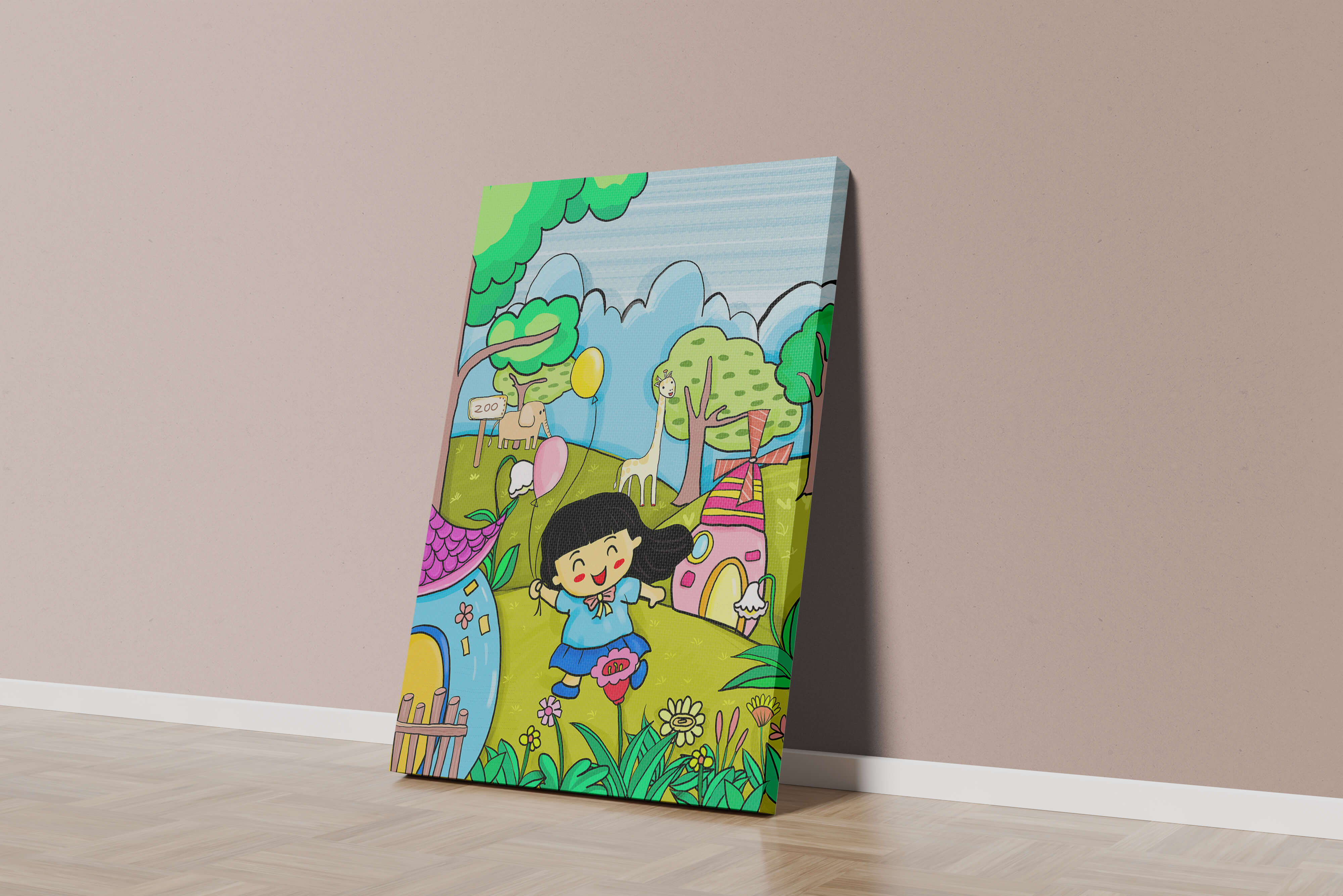 Colorful children's illustration of a joyful zoo visit with animals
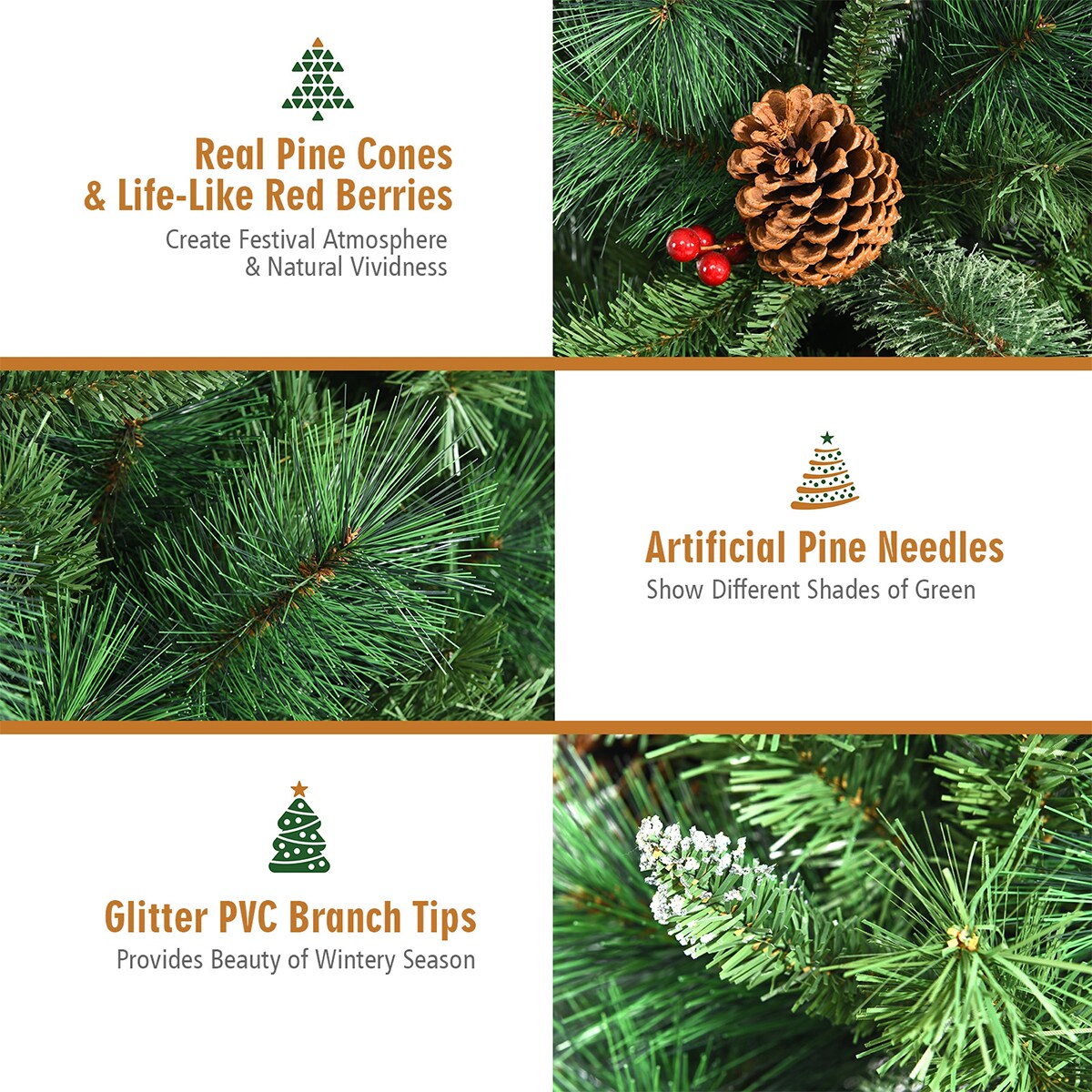 WELLFOR CM-HWY-23488 Artificial-Christmas-Trees - View #4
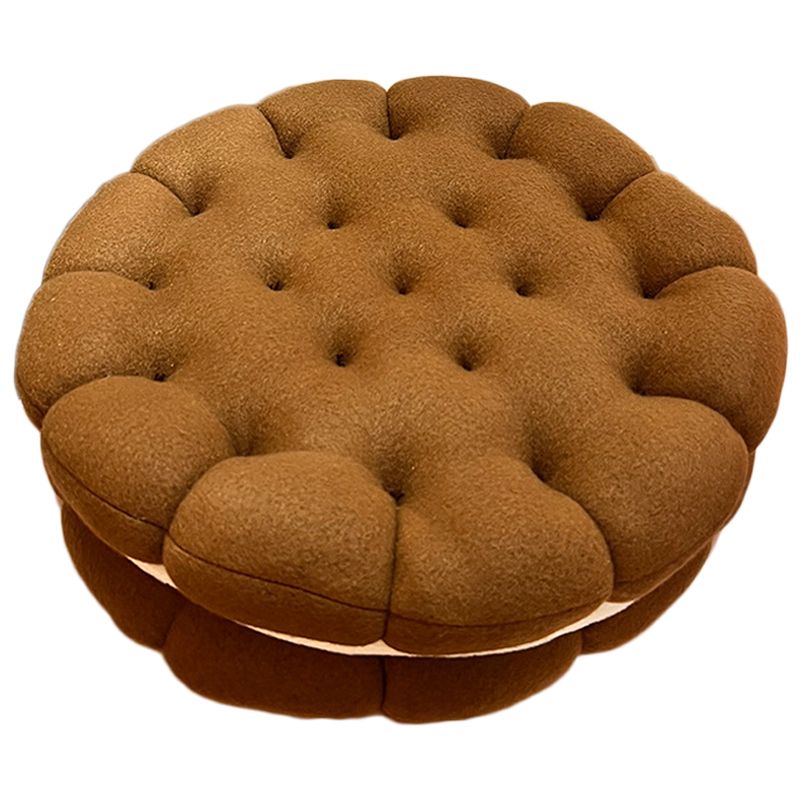 Cookie Cushion Cute Soft Breathable PP Cotton Filling Seating Cushion for Dormitory Bedroom Bedside 450g Chocolate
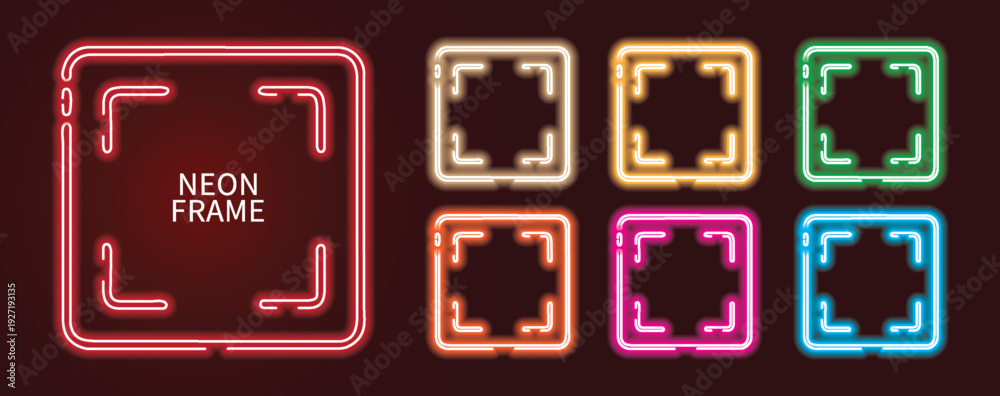 Εκτύπωση καμβά Colorful Neon Geometric Frame Set with Decorative Corners, Templates set of Neon gradient quadrate Frame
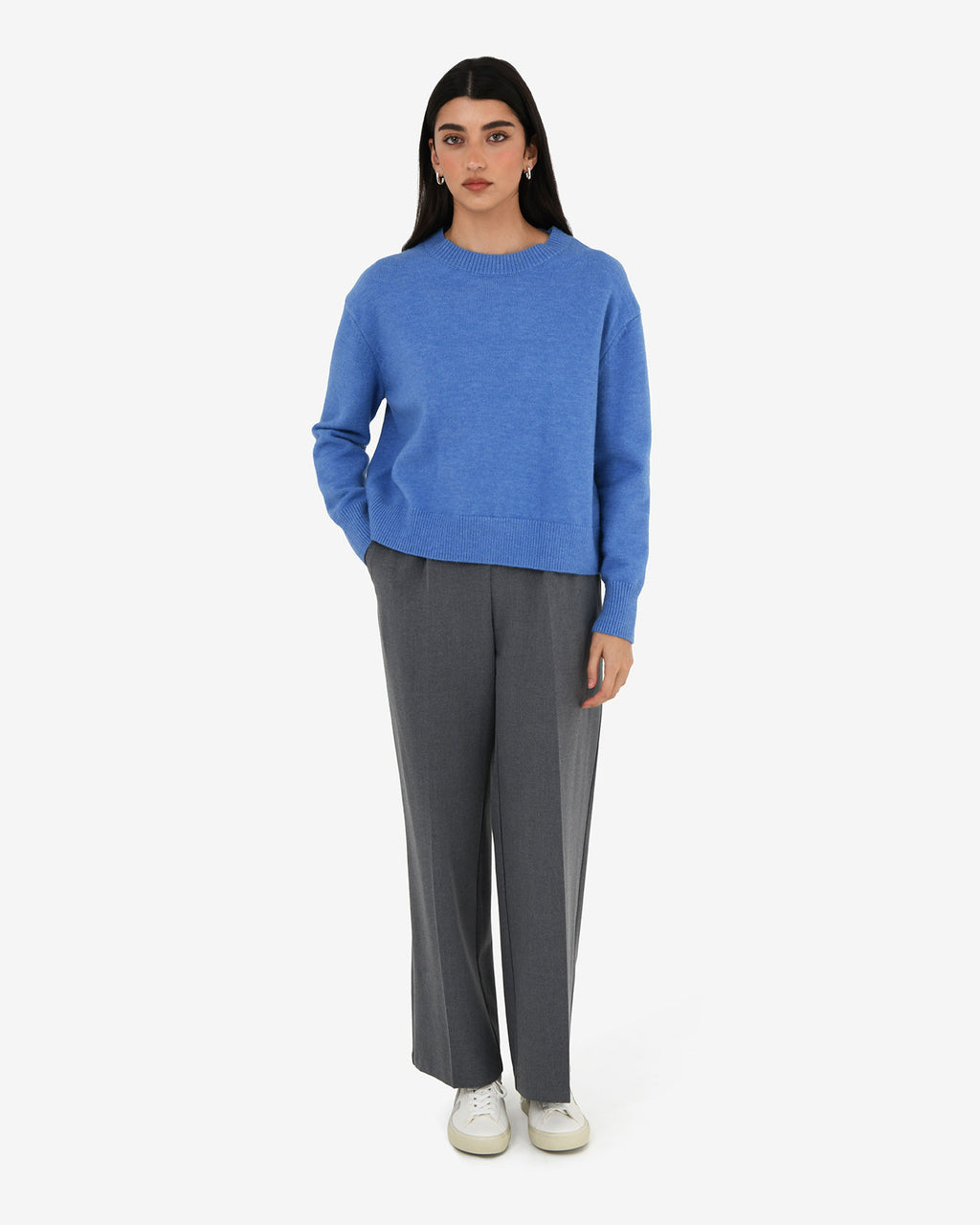 Joyli Round Neck Knit in periwinkle — full-length view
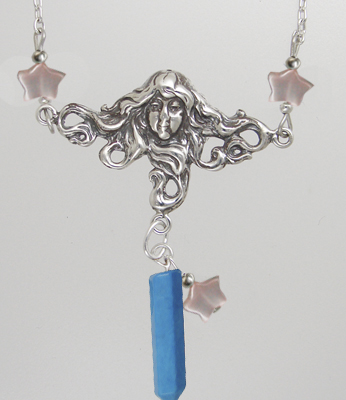 Sterling Silver Woman Maiden of the Morning Star Necklace With Turquoise And Pink MOP Stars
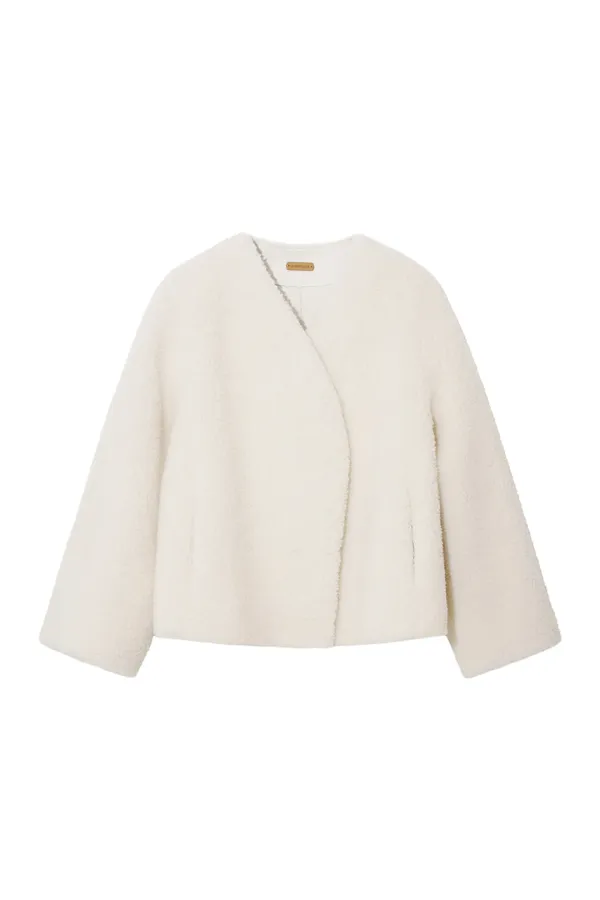 PLUSH WOOL FAUX SHEARLING JACKET [IVORY] - LE17SEPTEMBRE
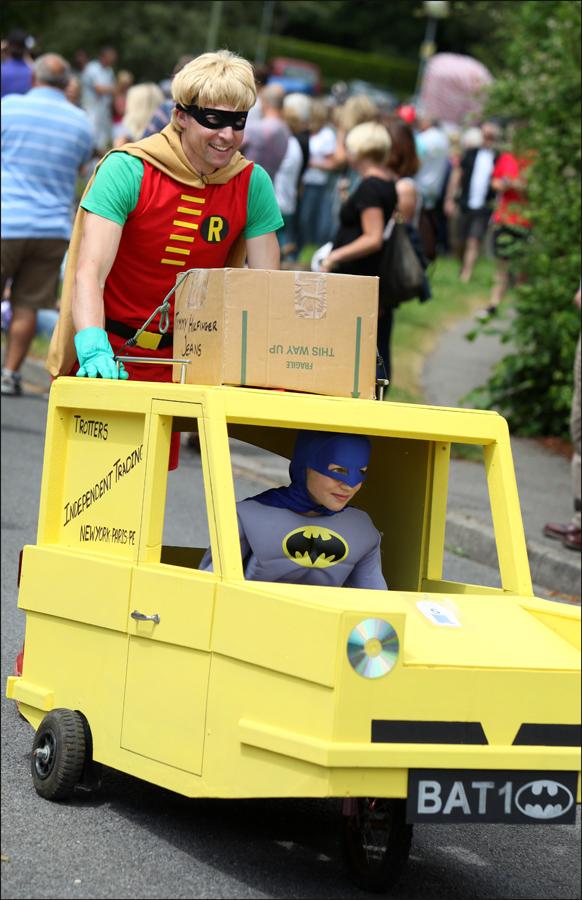 Only fools and Batman and Robin during the Otterbourne Jalopy Parade.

Instructions to follow:
Please restate word for word each line from the one containing "Εκτύπωση καμβά Colorful" to the end of the data above, without the pictures.

Response to the exercise:
 Εκτύπωση καμβά Colorful Neon Geometric Frame Set with Decorative Corners, Templates set of Neon gradient quadrate Frame
 Joyli Round Neck Knit in periwinkle — full-length view
 Sterling Silver Woman Maiden of the Morning Star Necklace With Turquoise And Pink MOP Stars
 PLUSH WOOL FAUX SHEARLING JACKET [IVORY] - LE17SEPTEMBRE
 Only fools and Batman and Robin during the Otterbourne Jalopy Parade.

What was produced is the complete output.